THE TASK: In the entries below, find the line with "iPhone 14 Anacotte" and the line with "2916-white 25-26 Pumas"; give again those lines and every line between them, exactly.

DATA FOR ANALYSIS:
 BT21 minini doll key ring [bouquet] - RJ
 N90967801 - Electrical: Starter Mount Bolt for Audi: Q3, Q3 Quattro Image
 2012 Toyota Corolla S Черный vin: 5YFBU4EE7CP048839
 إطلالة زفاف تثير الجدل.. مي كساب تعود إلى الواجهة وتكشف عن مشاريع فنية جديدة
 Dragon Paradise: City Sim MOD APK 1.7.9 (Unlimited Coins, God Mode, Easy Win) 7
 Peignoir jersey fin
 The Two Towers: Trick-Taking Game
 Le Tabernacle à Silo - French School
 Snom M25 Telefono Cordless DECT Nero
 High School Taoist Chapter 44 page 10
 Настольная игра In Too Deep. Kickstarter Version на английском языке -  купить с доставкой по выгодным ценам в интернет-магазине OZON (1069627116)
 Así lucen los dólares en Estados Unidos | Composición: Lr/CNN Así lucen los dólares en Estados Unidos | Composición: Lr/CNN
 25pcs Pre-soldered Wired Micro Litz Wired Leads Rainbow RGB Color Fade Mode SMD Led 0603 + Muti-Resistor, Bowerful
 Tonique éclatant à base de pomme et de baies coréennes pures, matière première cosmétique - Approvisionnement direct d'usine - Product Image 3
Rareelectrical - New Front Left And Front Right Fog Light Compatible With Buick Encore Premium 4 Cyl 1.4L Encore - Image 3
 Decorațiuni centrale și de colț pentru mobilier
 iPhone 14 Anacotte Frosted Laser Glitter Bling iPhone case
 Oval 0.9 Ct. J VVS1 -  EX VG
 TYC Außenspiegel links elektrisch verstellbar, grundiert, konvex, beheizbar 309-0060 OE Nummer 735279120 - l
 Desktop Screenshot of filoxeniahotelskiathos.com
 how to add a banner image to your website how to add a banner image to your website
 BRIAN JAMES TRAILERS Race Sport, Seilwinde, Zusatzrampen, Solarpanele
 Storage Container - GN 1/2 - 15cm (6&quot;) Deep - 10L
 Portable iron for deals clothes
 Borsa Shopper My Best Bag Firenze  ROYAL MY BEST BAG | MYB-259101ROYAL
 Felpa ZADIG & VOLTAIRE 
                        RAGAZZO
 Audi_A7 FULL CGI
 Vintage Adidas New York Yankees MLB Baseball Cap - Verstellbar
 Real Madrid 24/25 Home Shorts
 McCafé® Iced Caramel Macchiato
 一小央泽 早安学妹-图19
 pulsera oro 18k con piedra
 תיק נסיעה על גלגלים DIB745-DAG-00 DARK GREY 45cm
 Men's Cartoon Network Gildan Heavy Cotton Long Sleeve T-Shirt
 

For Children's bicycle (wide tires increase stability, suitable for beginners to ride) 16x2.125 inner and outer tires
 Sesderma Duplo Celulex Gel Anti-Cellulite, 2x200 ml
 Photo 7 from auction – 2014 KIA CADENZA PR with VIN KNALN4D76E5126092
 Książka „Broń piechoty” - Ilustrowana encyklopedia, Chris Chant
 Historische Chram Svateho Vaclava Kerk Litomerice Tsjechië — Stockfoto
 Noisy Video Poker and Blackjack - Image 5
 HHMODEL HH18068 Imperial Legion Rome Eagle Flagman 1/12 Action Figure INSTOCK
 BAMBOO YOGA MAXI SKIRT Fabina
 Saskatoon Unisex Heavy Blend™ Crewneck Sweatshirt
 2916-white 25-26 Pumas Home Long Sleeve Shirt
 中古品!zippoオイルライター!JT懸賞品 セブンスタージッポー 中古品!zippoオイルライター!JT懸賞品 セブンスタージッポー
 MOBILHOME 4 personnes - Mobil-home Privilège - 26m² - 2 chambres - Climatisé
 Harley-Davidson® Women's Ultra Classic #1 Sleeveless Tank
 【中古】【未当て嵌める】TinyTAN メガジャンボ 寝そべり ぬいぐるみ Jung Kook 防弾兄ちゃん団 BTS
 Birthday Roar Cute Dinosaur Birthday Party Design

REPLY:
 iPhone 14 Anacotte Frosted Laser Glitter Bling iPhone case
 Oval 0.9 Ct. J VVS1 -  EX VG
 TYC Außenspiegel links elektrisch verstellbar, grundiert, konvex, beheizbar 309-0060 OE Nummer 735279120 - l
 Desktop Screenshot of filoxeniahotelskiathos.com
 how to add a banner image to your website how to add a banner image to your website
 BRIAN JAMES TRAILERS Race Sport, Seilwinde, Zusatzrampen, Solarpanele
 Storage Container - GN 1/2 - 15cm (6&quot;) Deep - 10L
 Portable iron for deals clothes
 Borsa Shopper My Best Bag Firenze  ROYAL MY BEST BAG | MYB-259101ROYAL
 Felpa ZADIG & VOLTAIRE 
                        RAGAZZO
 Audi_A7 FULL CGI
 Vintage Adidas New York Yankees MLB Baseball Cap - Verstellbar
 Real Madrid 24/25 Home Shorts
 McCafé® Iced Caramel Macchiato
 一小央泽 早安学妹-图19
 pulsera oro 18k con piedra
 תיק נסיעה על גלגלים DIB745-DAG-00 DARK GREY 45cm
 Men's Cartoon Network Gildan Heavy Cotton Long Sleeve T-Shirt
 

For Children's bicycle (wide tires increase stability, suitable for beginners to ride) 16x2.125 inner and outer tires
 Sesderma Duplo Celulex Gel Anti-Cellulite, 2x200 ml
 Photo 7 from auction – 2014 KIA CADENZA PR with VIN KNALN4D76E5126092
 Książka „Broń piechoty” - Ilustrowana encyklopedia, Chris Chant
 Historische Chram Svateho Vaclava Kerk Litomerice Tsjechië — Stockfoto
 Noisy Video Poker and Blackjack - Image 5
 HHMODEL HH18068 Imperial Legion Rome Eagle Flagman 1/12 Action Figure INSTOCK
 BAMBOO YOGA MAXI SKIRT Fabina
 Saskatoon Unisex Heavy Blend™ Crewneck Sweatshirt
 2916-white 25-26 Pumas Home Long Sleeve Shirt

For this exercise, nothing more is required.